White bikini of Ursula Andress
- Designer: Ursula Andress, Tessa Prendergast
- Year: 1962
- Type: White cotton bikini

= White bikini of Ursula Andress =

Bathing suit worn by Ursula Andress in the 1962 James Bond film, Dr. No

The white bikini worn by Ursula Andress as Honey Ryder in the 1962 James Bond film Dr. No has been called the most famous bikini of all time and an iconic moment in cinematic and fashion history. Its appearance in the film, monumental in the history of the bikini, helped drive sales.

The lower part of the bikini features a wide white British Army belt with brass buckles and fittings, and a scabbard on the left side to hold a large knife.

== History ==
The first bikini had been worn at a Paris fashion show in 1946, but in the 1950s, the bikini was still seen as something of a taboo.

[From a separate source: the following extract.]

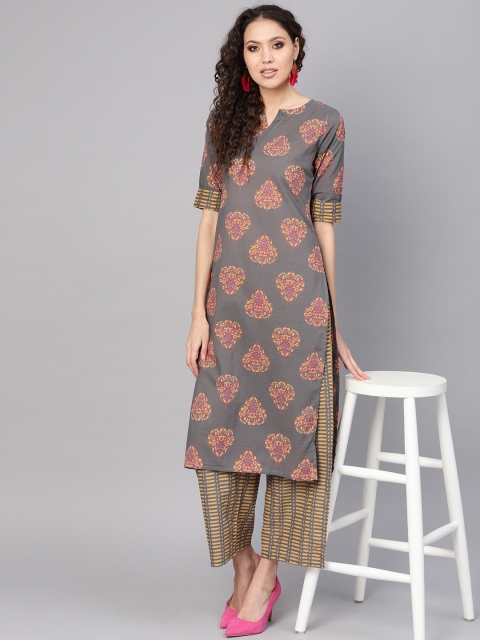 

GERUA Women Grey & Mustard Yellow Printed Kurta with Palazzos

In the corresponding scene of the source novel, the character Honeychile Rider wears only a leather belt with a scabbard, and no bikini.

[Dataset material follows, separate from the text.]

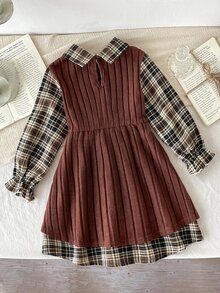 SHEIN 女童格紋領長袖洋裝，秋冬外出穿著，可愛優雅休閒日常款 - 咖啡 - 查看 5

Andress reported that when she arrived in Jamaica to film Dr. No, no costumes were ready. So she worked with director Terence Young and costume designer Tessa Prendergast, whom she had met while living in Rome, to create a bikini that suited her 5′6″, 36-24-36 frame. The white belted bikini was made from ivory cotton.

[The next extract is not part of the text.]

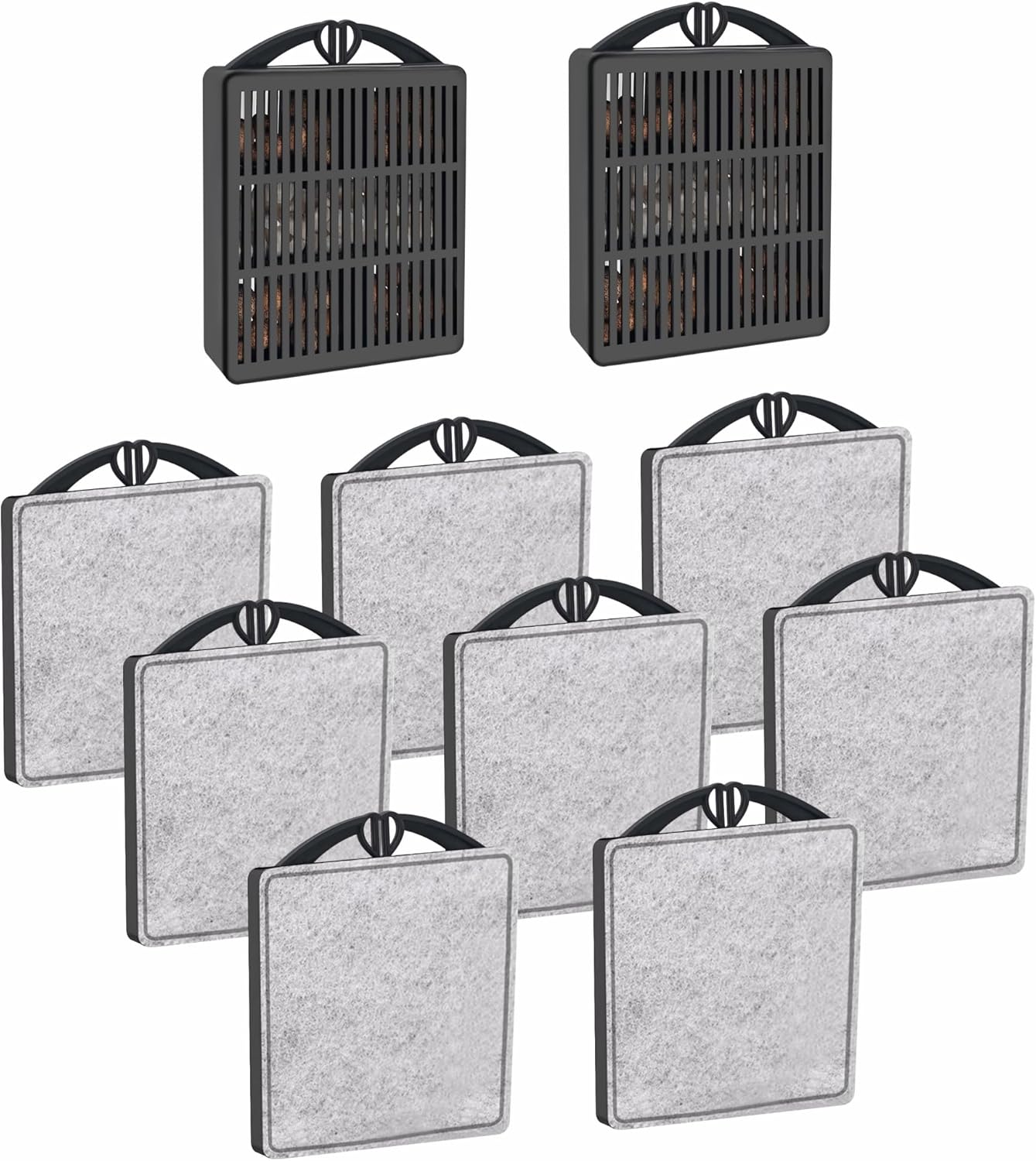 GOZILLA Aquarium Filter Cartridges,Fish Tank Filters Accessories Set,Turtle Tank Filter Replacement Includes 8 Filter Cartridges and 2 Filter Boxes.Only Suit for GZ-107 Low Water Level Tank Filter.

Andress' bikini arrived at a key moment in the history of women's fashion, coming at the "birth of the sexual revolution" in the 1960s. The scene in which she emerges from the sea has been cited among the greatest moments in film and one of its most erotic; in a 2003 UK Survey by Channel 4, it was voted number one in "the 100 Greatest Sexy Moments" of cinema. The white bikini is regarded as perhaps the most important in the history of the bikini; bikini sales rocketed after the film's release. In a survey of 1,000 women to celebrate the 60th anniversary of the bikini, Andress was voted "The Ultimate Bikini Goddess".

Andress said that she owed her career to it: "This bikini made me into a success. As a result of starring in Dr. No as the first Bond girl, I was given the freedom to take my pick of future roles and to become financially independent."

Andress put the bikini up for sale in 2001, claiming to have found it in an attic. The suit fetched £41,125. The second time it was auctioned was in November 2020. While no sale price was given, the piece was expected to fetch about £500,000.

== Homage ==
The scene has been widely emulated and parodied on screen. The bikini scene was emulated by Heather Graham in a scene from Austin Powers: The Spy Who Shagged Me. It has also been emulated by Halle Berry, who wore an orange bikini with a toolbelt in the 2002 James Bond film Die Another Day.

When Daniel Craig took over the role of James Bond in the 2006 film Casino Royale, he appeared in a similar scene, emerging from the ocean wearing a pale blue pair of swim trunks. This thirteen-second shot, focused on Bond's body rather than that of a Bond Girl, was widely interpreted as a callback to Andress in Dr. No and featured heavily in the film's promotion, although Craig claims the resemblance did not occur to him until it was filmed.

In the episode "Bond", from the BBC Radio detective drama Trueman and Riley, the bikini is the prize possession of a collector and dealer in James Bond memorabilia at a hotel hosting a Bond convention, where another valuable item, the wedding ring from the film On Her Majesty's Secret Service, has apparently been stolen.